Critics argue that it is up to artists’ conscience 


South Korean artist Kwon Kyung-yup was recently shocked to find out that works very similar to hers were on sale in Singapore. A foreigner who came across an Indonesian artist’s solo exhibition in August at Art Front Gallery in Singapore sent an e-mail to Kwon to fill her in on the news.

In the show, Indonesian artist Dani King Heriyanto’s 2011 painting “Bandage” featured a girl wearing a hoodie and a bandage over her eye just like Kwon’s 2009 work “Adios.” Heriyanto’s 2011 work “Rise up” also showed a girl with a bandage wrapped around her face just as the girl in Kwon’s 2009 painting “Oblivion.” 
Photos by Kwon Kyung-yup

Appalled, Kwon wrote a post on her Facebook pointing out the similarities between the paintings and also sent a message to the director of the Singapore gallery to stop the sale and promotion of the works. According to Kwon, the director replied that the paintings are not the same and requested her to delete the posts. When she contacted Heriyanto, he simply claimed that he is a fan of her works, would like to be her friend, and that what he does is parody.

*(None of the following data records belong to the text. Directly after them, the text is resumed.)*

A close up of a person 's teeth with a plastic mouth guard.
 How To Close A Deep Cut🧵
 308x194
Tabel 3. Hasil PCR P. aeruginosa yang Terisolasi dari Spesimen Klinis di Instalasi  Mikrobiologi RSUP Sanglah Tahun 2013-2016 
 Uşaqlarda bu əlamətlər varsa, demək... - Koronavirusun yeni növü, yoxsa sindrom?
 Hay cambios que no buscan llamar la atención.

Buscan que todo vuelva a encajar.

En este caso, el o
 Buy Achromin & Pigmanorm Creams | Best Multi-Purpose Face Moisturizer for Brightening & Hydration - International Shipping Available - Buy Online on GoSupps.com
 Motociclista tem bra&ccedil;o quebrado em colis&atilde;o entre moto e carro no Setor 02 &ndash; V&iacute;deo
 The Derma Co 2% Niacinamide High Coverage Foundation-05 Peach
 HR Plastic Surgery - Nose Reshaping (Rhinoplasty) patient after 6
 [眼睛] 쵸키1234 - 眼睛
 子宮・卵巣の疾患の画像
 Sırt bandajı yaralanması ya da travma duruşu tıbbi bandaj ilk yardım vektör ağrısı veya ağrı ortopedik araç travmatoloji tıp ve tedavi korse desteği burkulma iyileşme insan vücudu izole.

“But what makes parody different from plagiarism is that it clarifies the original,” Kwon told The Korea Herald.

An art consultant at Art Front Gallery admitted the Indonesian artist was in the wrong and said that he tried to contact Kwon about the issue.

“What Dani King did was wrong because he claims that he took inspiration from the Korean artist. So I actually tried to give her a call, and I asked someone in Korea to set up a call so that I could actually send out an apology, but it never happened. I thought this should be professionally spoken instead of being posted on Facebook ― what she has been doing is writing it on her Facebook and sending out e-mails to our clients,” he said.

But stopping the sale and promotion of the works is up to the gallery’s director and he has no say in it, he said.

Kwon is an up-and-coming artist who is actively working in many Asian and European countries. She has been participating in art fairs in Hong Kong and Taiwan since 2009. She showcased the very paintings in 2009 at Gana Art Gallery in Pyeongchang-dong, central Seoul. Many Korean critics agreed that there is a high possibility that the Indonesian artist plagiarized her work, as the works are too similar in color and composition, Kwon claimed.

Although Korea, Singapore and Indonesia are all members of the World Intellectual Property Organization which means that artists have copyrights to their work, in most cases it is only possible to call a work plagiarism by winning the case in court, unless the suspected copier admits to it. There is no stipulated criteria to distinguish plagiarism and parody, but what is vaguely agreed is that it is plagiarism if it has similarities with another artwork from the general public’s point of view and if the artist suspected to have copied had access to the original one.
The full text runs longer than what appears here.